Former Financial Conduct Authority (FCA) technical specialist Rory Percival said file reviews were not enough to safeguard firms against backlash from DB transfers.

The comments came as he launched a guide on defined benefit (DB) transfers, where he addresses this issue, alongside suitability and new regulations coming into force in October.

Mr Percival told FTAdviser a lot of financial adviser firms worked on the basis that they did checks on all their files but he warned "in isolation, this is unlikely to be an adequate control for this high-risk business".

The flame obviously wasn't worth the candle for Mattioli Woods, which withdrew from the DB transfer advice market completely this week because transfer values had been declining and due to regulatory concerns.

2) Making allowance for HMRC

Tax can be complicated, so it's understandable to be a bit confused every now and then.

But confusion about tax isn't something we would often expect from HM Revenue & Customs, which this week revealed it does not have the data on how much tax is collected through the money purchase annual allowance.

This has meant the government has not been able to evaluate the effectiveness of its cuts to this allowance.

In response to a Freedom of Information request from Canada Life, HM Revenue & Customs (HMRC) revealed it does not hold information on the number of individuals who paid a tax charge as a result of breaching the MPAA, or the total value of tax collected through the MPAA charge each year.

The MPAA, introduced in 2015 to coincide with pension freedoms, is the amount a person who has already begun drawing on their pension can pay back into their retirement pot in a given year without incurring a tax charge.

3) Turning point for Woodford?

Neil Woodford has said the "stress" in emerging markets is proving his view of the world economy right.

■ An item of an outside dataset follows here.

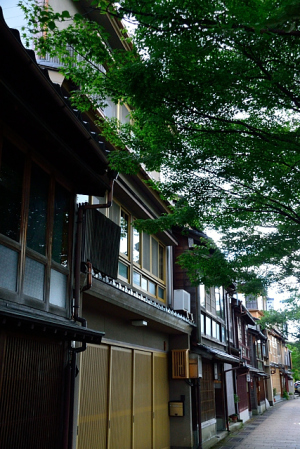 夏色の金沢ひがし茶屋街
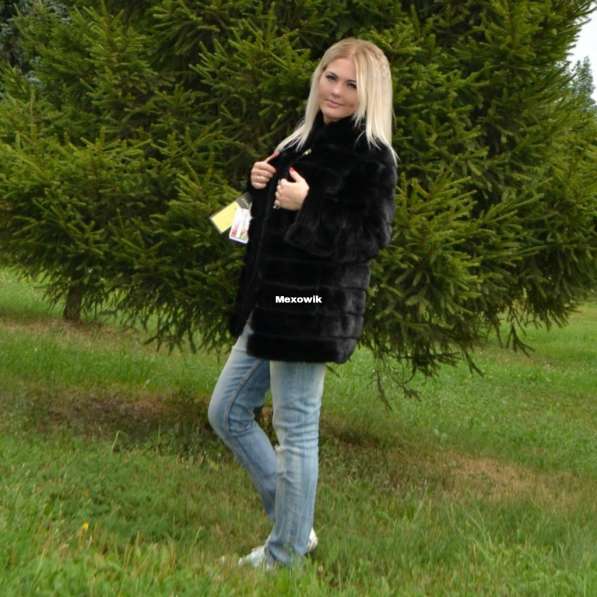 Норковая шуба. Новая в Москве фото 3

Mr Woodford has been much more positive on the outlook for the UK economy than his peers, which has hit the performance of his Woodford Equity Income fund.

According to data from FEAnalytics, Woodford Equity Income has returned 1.4 per cent over the past three years, compared with the 31.5 per cent returned by the IA UK All Companies sector.

But Mr Woodford said the volatility seen in emerging markets recently was feeding into asset prices, which he expected to continue.

The fund manager said he had positioned the funds he manages for a steep slowdown in global growth, with the UK to be a "shining light".